Dès le lendemain de son élection, Jair Bolsonaro a violemment attaqué le PT (Parti des travailleurs), le PSOL (Parti Socialisme et Liberté) et les deux grands mouvements sociaux du pays, MST (Mouvement des sans-terre) et MTST (Mouvement des travailleurs sans-toit) taxés de « terrorisme ». Les enseignantEs, accusés de propager une idéologie « communiste » et « antipatriotique », font l’objet d’une offensive en règle. Le futur gouvernement comportera une brochette de militaires et son ministre de la Justice sera Sergio Moro, le juge prétendument « anti-corruption » qui a décidé sans aucune preuve l’emprisonnement de Lula.
Face aux mesures autoritaires et répressives
Les perspectives ne sont pas moins inquiétantes sur les plans socio-économique et écologique. Le président élu promet entre autres une intensification de la déforestation en Amazonie, une vague de privatisations, une nouvelle contre-réforme des retraites, des coupes drastiques dans les programmes sociaux et, pour les salariéEs, la pure et simple suppression du 13e mois.
Le prochain gouvernement sera-t-il pour autant « fasciste » ? Bolsonaro est sans aucun doute un néo-fasciste et beaucoup de ses ministres le seront aussi. Mais sans un bouleversement des rapports de forces, il n’aura pas les moyens d’imposer une telle transformation. Rappelons qu’il n’a obtenu que 37 % des voix des inscritEs, que son parti reste peu nombreux et faiblement structuré, ne dispose que de 52 députés fédéraux sur 513 et de très peu de gouverneurs, de plus dans des États d’importance secondaire. Surtout, la grande bourgeoisie ne veut pas liquider les formes démocratiques-bourgeoises, parce qu’elle n’en a pas besoin et que le risque ne vaut pas d’être couru. Ce à quoi il faut s’attendre est un redoublement des mesures autoritaires et répressives, peut-être assorties, et lorsque de grandes luttes surgiront, d’interventions de groupes fascistes ou paramilitaires.
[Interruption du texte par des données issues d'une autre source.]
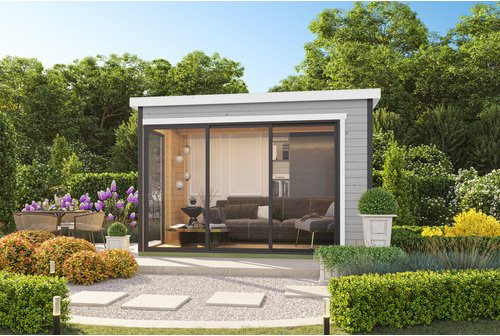 Blockbohlenhaus Lasita Austin in Grau mit Außenmaßen B: 379,6 cm, H: 239,4 cm, T: 259,6 cm - Bild 1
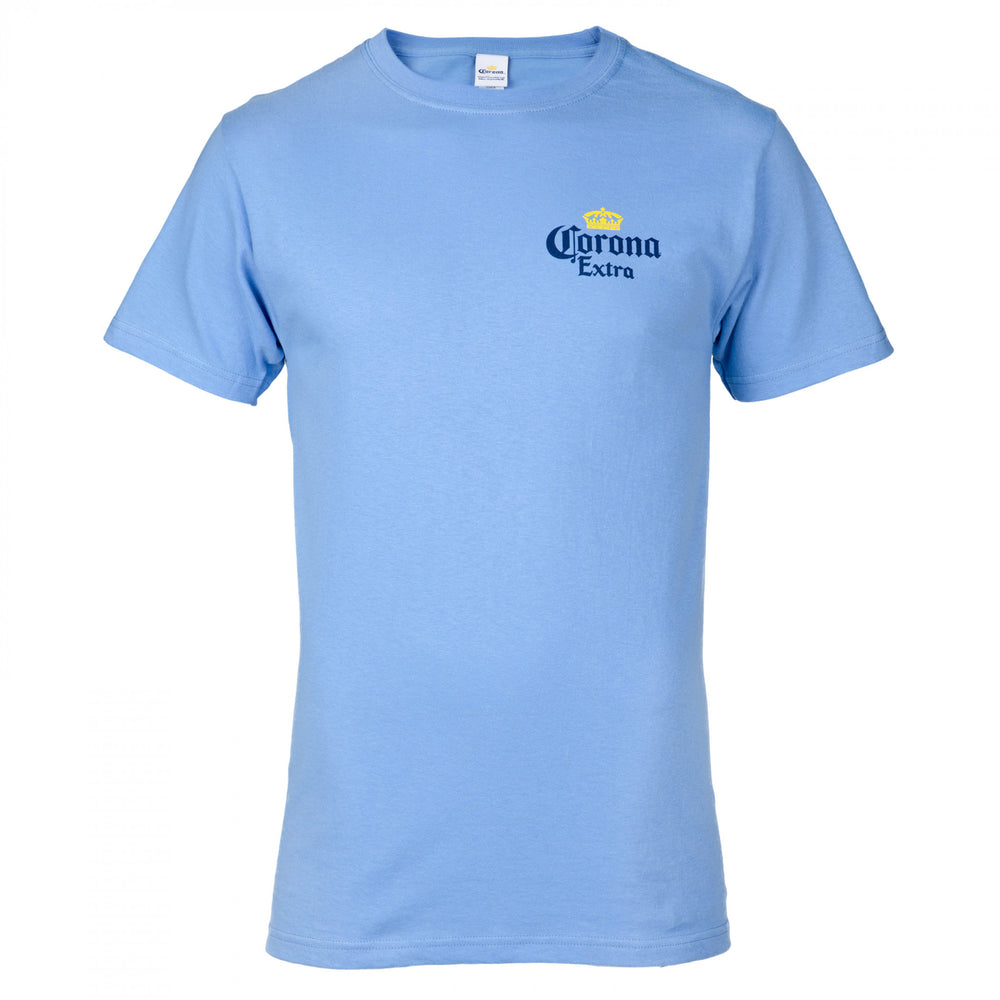 Corona Extra Parrot La Vida Mas Fina Blue Front and Back T-Shirt Image 2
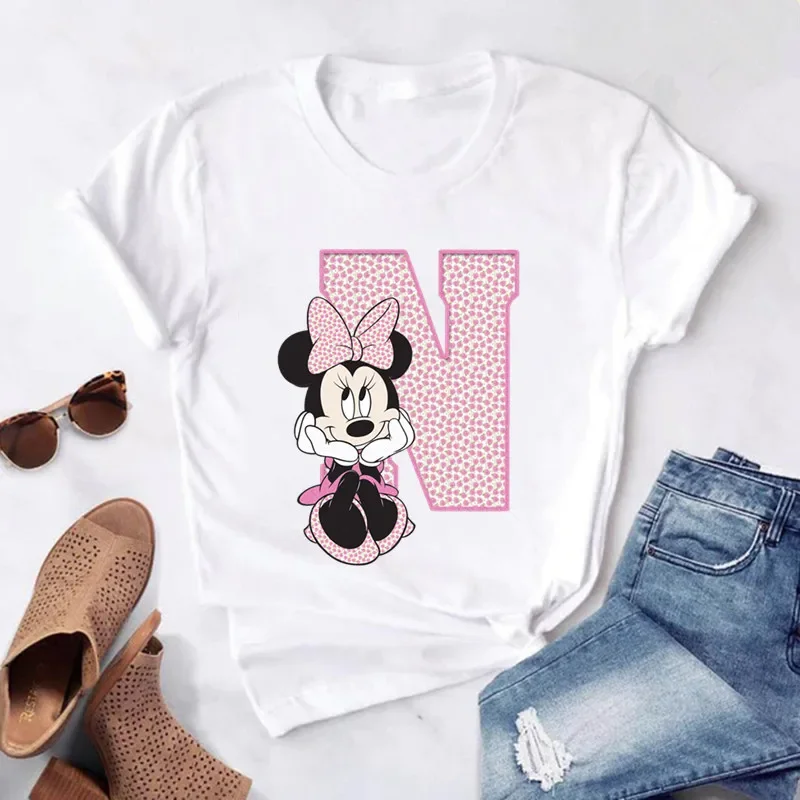 thumbnail image 1 of Camisetas de algodón de manga corta de verano para niños, camiseta rosa con letras de Minnie Mouse, fuente ABCDEFG, divertida y bonita para niño y niña, 1 of 5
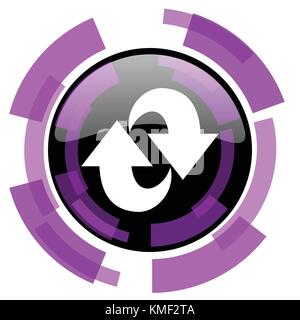 Rotation pink violet modern design vector web and smartphone icon. Round button in eps 10 isolated on white background. Stock Vector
Le Brésil ne deviendra pas fasciste dès demain mais le danger se rapproche. N’oublions pas que Mussolini était arrivé au pouvoir en 1922 mais qu’un régime fasciste ne s’était imposé en Italie qu’en 1926. Le mouvement ouvrier et de masse – partis, syndicats, mouvements sociaux – conserve tous les moyens de faire face, et même de défaire l’agression et de passer à la contre-offensive. Pour cela, un front unique de toutes les organisations concernées, qui agisse sur les objectifs démocratiques et sociaux communs dans les quartiers, localités, entreprises et universités, par la manifestation et par la grève, serait le meilleur outil.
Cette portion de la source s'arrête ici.